Immer wieder geht es um Widrigkeiten der Fortbewegung. Absätze brechen von den Schuhen. Parkkrallen blockieren die Automobile. Und auf die beredte Überfahrt mit dem Barkassenkapitän, ihrem Pflegevater, hat sich die Hauptfigur der Serie nicht einlassen wollen. Wie panisch hechtet sie in letzter Sekunde an Land, verliert in den Wassern ihr letztes Vehikel, das mobile Telefon. Der abgebrochenen Kommunikation wird sie 13 Folgen lang hinterher sein müssen.

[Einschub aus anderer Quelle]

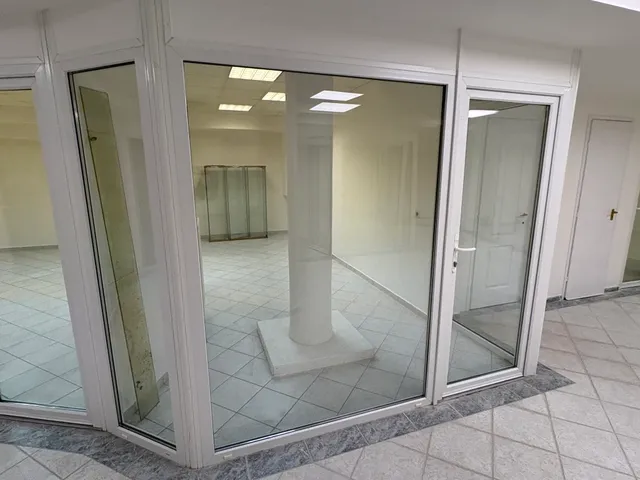 Kiadó kereskedelmi és ipari ingatlan Kaposvár, Belváros, zárda utca 15 nm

Dass da vieles langsamer zugeht als im deutschen Fernsehen und sich dennoch 650 Sendeminuten lang weit über durchschnittlichem Niveaupegel halten kann, hat wohl mit den belgischen Zuständen nach den Polit-, Polizei- und Justizskandalen um den Fall Marc Dutroux zu tun. Allseits war damals, die Produktion datiert aus dem Jahr 2001, Lethargie empfunden worden. Und mehr als offensichtlich ist das Lippenbekenntnis, das im Nachspann zu lesen ist, dass jede Ähnlichkeit dieser sich in Morde, Selbstmorde, Abtreibungen, Korruption und Kindsmissbrauch steigernden Geschichte mit lebenden Personen oder wahren Begebenheiten rein zufällig sei (Buch: Ward Huselmans).

Da möchte man, nein, da muss man bedauern, dass selbst in diesem eigenständigen Spiegel des Sozialwesens flämischer Provinz, wo noch nicht der Euro, sondern die alte Währung des belgischen Franc kurrent gewesen ist, schon längst die Sentimentalität europäischer Fernsehdramaturgie eingebrochen war, so zum Beispiel mit der crime-and-passion-artigen Musikuntermalung. Die unter der Regie von Marc de Geest und Frank van Mechelen verfilmte Serie ist mit dem internationalen Fernsehpreis Prix Italia ausgezeichnet worden. Ihre Entdeckung für die deutschen Zuschauer ist dem WDR zu verdanken, der die Sendung neben der deutschen Synchron– auch in flämischsprachiger Originalfassung anbietet. Eine Entscheidung von politischer Couleur, aber auch von ästhetischem Reiz, ist so doch das ambitionierte Spiel der Hauptdarstellerin Antje de Boeck auch akustisch zu erfahren.